▶ Exercise goal
Transcribe only the lines in the data below falling between the line with "Study of cows" and the line with "Chuyifang Wooden Cup", including those two lines, and leave out any picture.

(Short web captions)

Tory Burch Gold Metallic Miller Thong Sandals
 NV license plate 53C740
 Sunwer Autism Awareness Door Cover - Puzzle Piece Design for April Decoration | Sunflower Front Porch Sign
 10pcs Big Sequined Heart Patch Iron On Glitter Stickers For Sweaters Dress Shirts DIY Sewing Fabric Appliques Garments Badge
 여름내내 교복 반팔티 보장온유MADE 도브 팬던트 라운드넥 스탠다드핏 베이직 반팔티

---

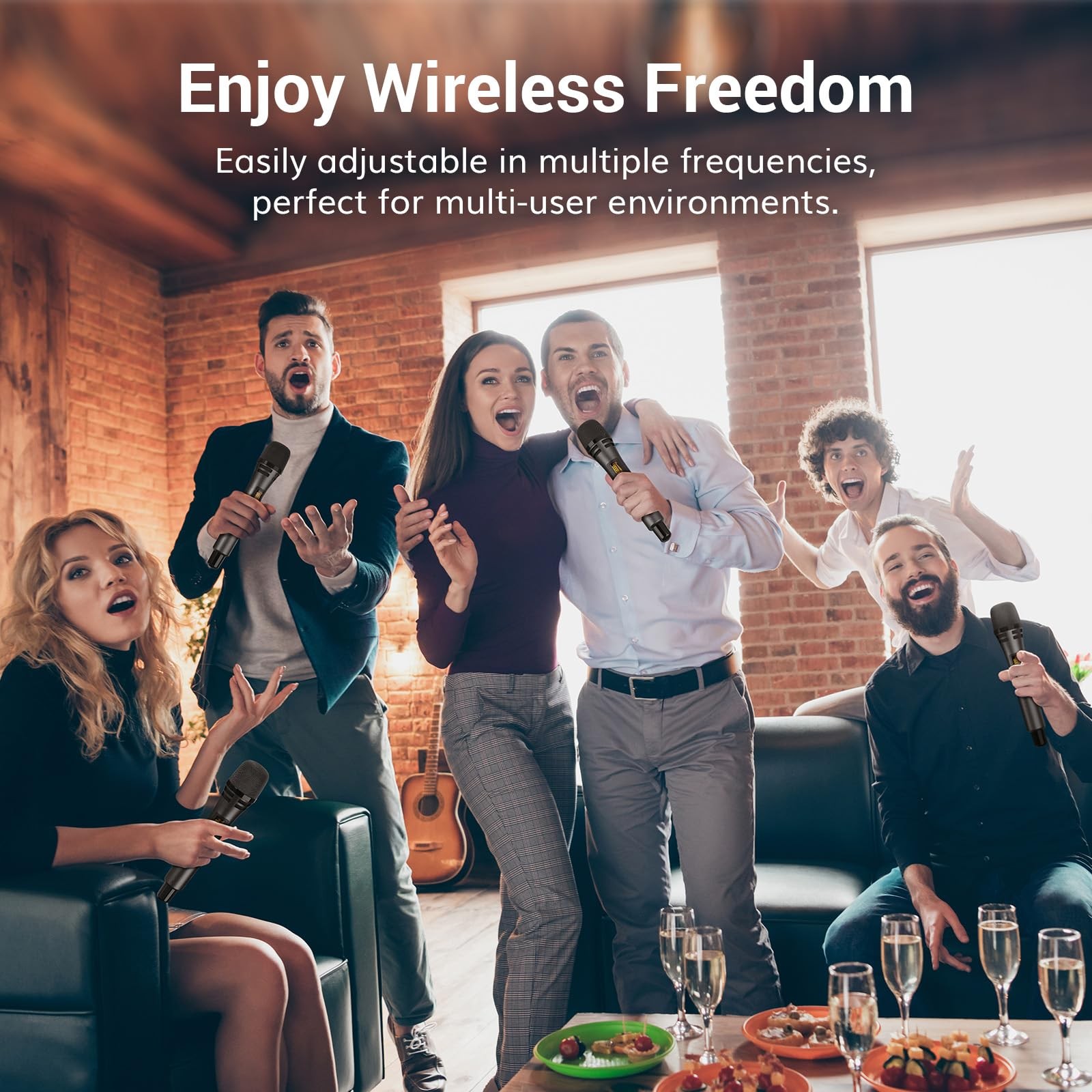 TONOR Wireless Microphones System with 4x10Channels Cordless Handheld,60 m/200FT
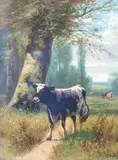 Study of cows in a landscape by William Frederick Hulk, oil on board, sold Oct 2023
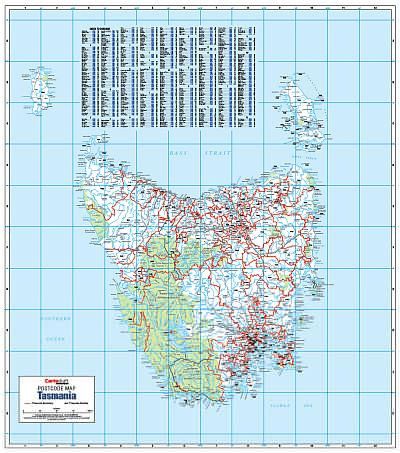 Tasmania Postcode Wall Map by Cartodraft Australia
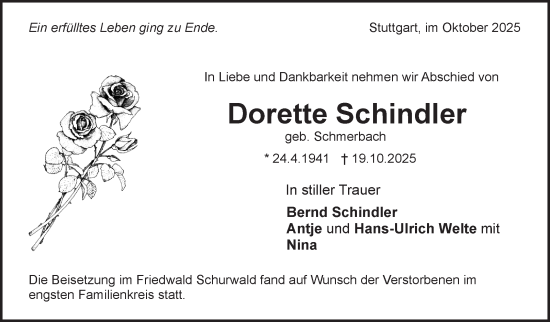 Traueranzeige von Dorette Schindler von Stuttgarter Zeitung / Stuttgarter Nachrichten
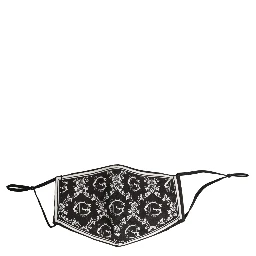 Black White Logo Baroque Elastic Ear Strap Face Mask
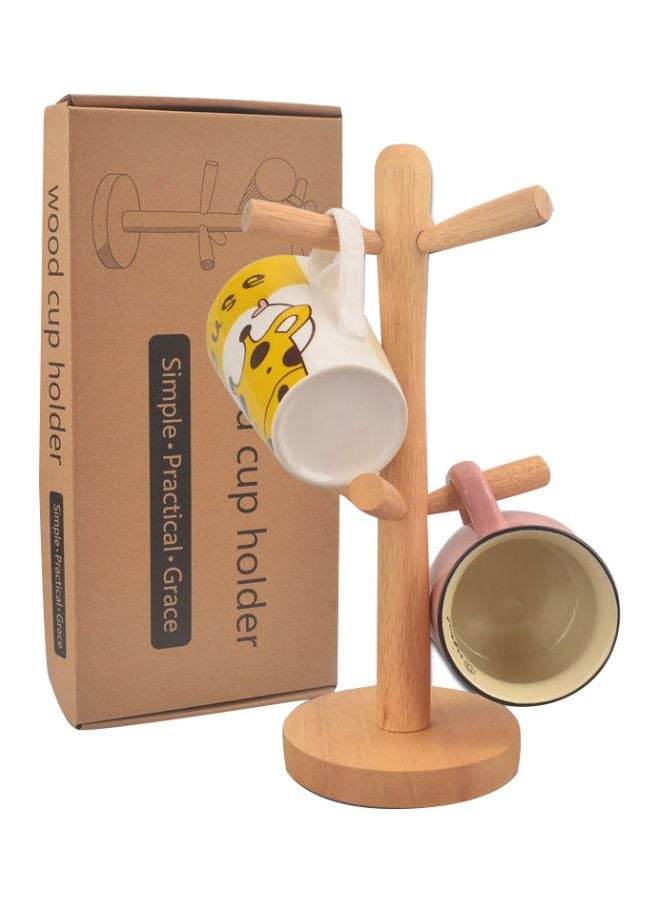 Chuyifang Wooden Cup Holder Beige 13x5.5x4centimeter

▶ Expected answer
 Study of cows in a landscape by William Frederick Hulk, oil on board, sold Oct 2023
 Tasmania Postcode Wall Map by Cartodraft Australia
 Traueranzeige von Dorette Schindler von Stuttgarter Zeitung / Stuttgarter Nachrichten
 Black White Logo Baroque Elastic Ear Strap Face Mask
 Chuyifang Wooden Cup Holder Beige 13x5.5x4centimeter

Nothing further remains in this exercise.